Бессердечный
Шрифт:
Я вошел внутрь и, конечно же, квартира была пуста. Темная. Жалкая.
Бесполезная.
Я включил свет и вспомнил блондинистую сучку, стоявшую в коридоре среди безвкусных безделушек своей подруги, выглядевшую так чертовски потрясающе в своем страхе.
Трентон все еще колебался, когда я повернулся к нему лицом, без сомнения все еще пытаясь понять, что, черт возьми, происходит.
— Теперь можешь идти, — сказал я.
Он уставился на меня, склонив голову набок.
— Как давно я работаю на тебя, босс? — спросил он. — Двенадцать лет,
— Достаточно долго, чтобы понять, что тебе нужно держать свои мысли там, где им место. В твоей толстой черепушке, пока я не раскроил ее.

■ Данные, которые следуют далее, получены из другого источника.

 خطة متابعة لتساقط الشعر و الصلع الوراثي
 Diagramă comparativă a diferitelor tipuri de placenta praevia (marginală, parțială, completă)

Он знал, что я не сделал бы это без серьезной на то причины, не такой, как я сделал бы с любым другим, стоящим на его месте. Мы были знакомы достаточно долго, чтобы знать черты и манеры друг друга. Я полагался на Трентона Альто, даже если не хотел этого. И он знал это.

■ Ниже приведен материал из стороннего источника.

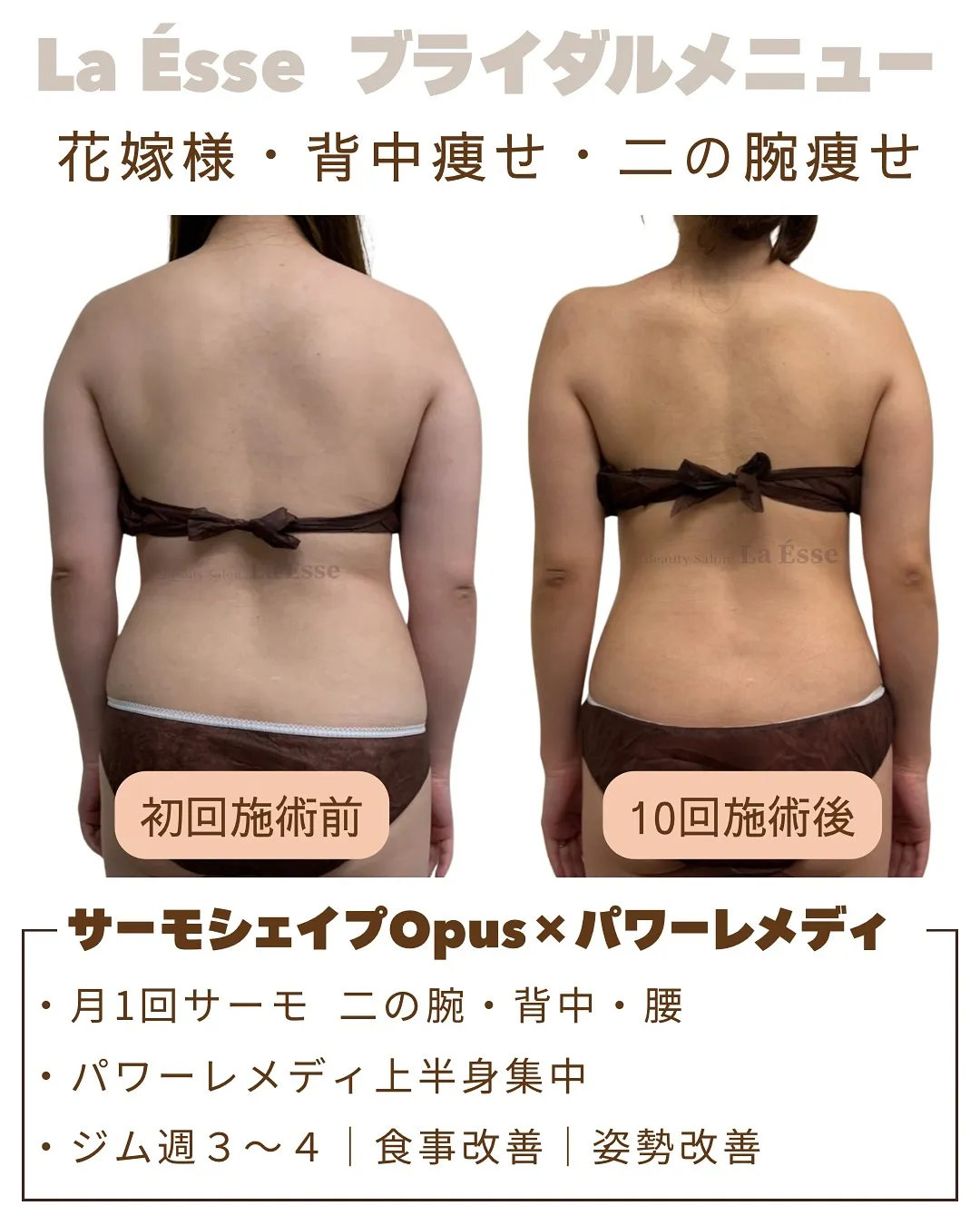 花嫁様必見！１ヶ月に１回💎 施術×運動の相乗効果で別人級に👏...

— Двенадцать лет, а я все еще не знаю, как ты работаешь. Ты чертовски загадочен, Люциан Морелли. Даже по меркам семьи Морелли.
Мне удалось ухмыльнуться ему.
— Перестань пытаться понять это. Тебе же лучше в долгосрочной перспективе.
— Не сомневаюсь, — ответил он и ушел.
Дверь за ним закрылась, а я стоял в тишине, вдыхая воздух этого места. Напротив меня был дерьмовый гобелен — кричащая синева с мультяшным китом у корабля. Фотография ухмыляющихся идиотов висела на дальней стене у кухонной двери. Я подошел ближе, гадая, кто из этих идиотов был подругой Илэйн.
Пол на кухне был вычищен, разбитые кружки аккуратно убраны в мусорное ведро. На ковре не осталось никаких следов крови от еще одной попытки самоповреждения после того, как я ушел.
Я сел на диван в гостиной, где сорвал с нее платье, и уставился на пустое место на полу.
Мне было интересно, как часто она бывала здесь, заглушая все дерьмо в своей жизни, от которого она так решительно отказывалась. Потом я задумался и об этом тоже.
Что такого было в Илэйн Константин, что она так сильно презирала? Что заставило ее так сильно двинуться головой?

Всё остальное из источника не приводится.